Friday, May 25, 2012

Tawdry

     I have always been interested in etymology--no, not entomology, that's the study of bugs.  Etymology is the study of word origins.  I haven't exactly made a study of it, I have been out of school a long time and learning no longer counts even for extra credit, but I am interested in word origins when I happen to come across them.  I learned the origin of the word tawdry when touring the cathedral at Ely in England.  St. Audrey, born princess Etheldreda, (good reason to change your name)  founded the abbey at Ely after being widowed from one marriage and escaping from the other.  Having taken a vow of perpetual virginity early in life, even marriages for reasons of state didn't work out too well.  Her husband from her first, unconsummated marriage died. (My husband would probably insert an erroneous conclusion here.)  Her second husband was young and unwilling to leave his perpetually platonic princess unconsumed.  He chased her through the fens (British word for swamps), but high waters prevented him from catching her and he eventually went off to marry someone less perpetual.

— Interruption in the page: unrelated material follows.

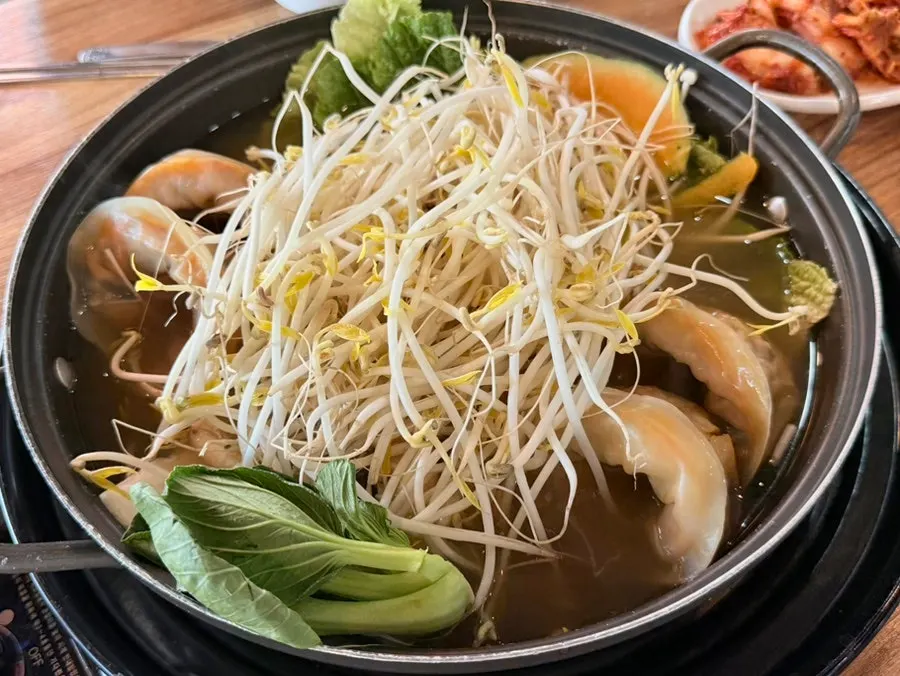 Olla del guiso servida con caldo claro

     Audrey established an abbey at Ely.  Swamps, eels, you can figure out that word origin.  Despite its princess patronage, perpetual virginity is not a big money maker, so the abbey sponsored an annual fair to raise money.  Catholics are big into relics like a shard from a shrine, sliver of the cross or finger bone of some departed saint.  The relics for sale at St. Audrey's fair were famously cheap versions of the above.  It was like the Dollar Store of the religious relic world.  No one wants a second hand finger bone, so these cheap relics sold by St. Audrey came to be called t'Audrey.  In the course of time Etheldreda's legacy was neither her piety nor her purity, it was a new word for cheap--tawdry.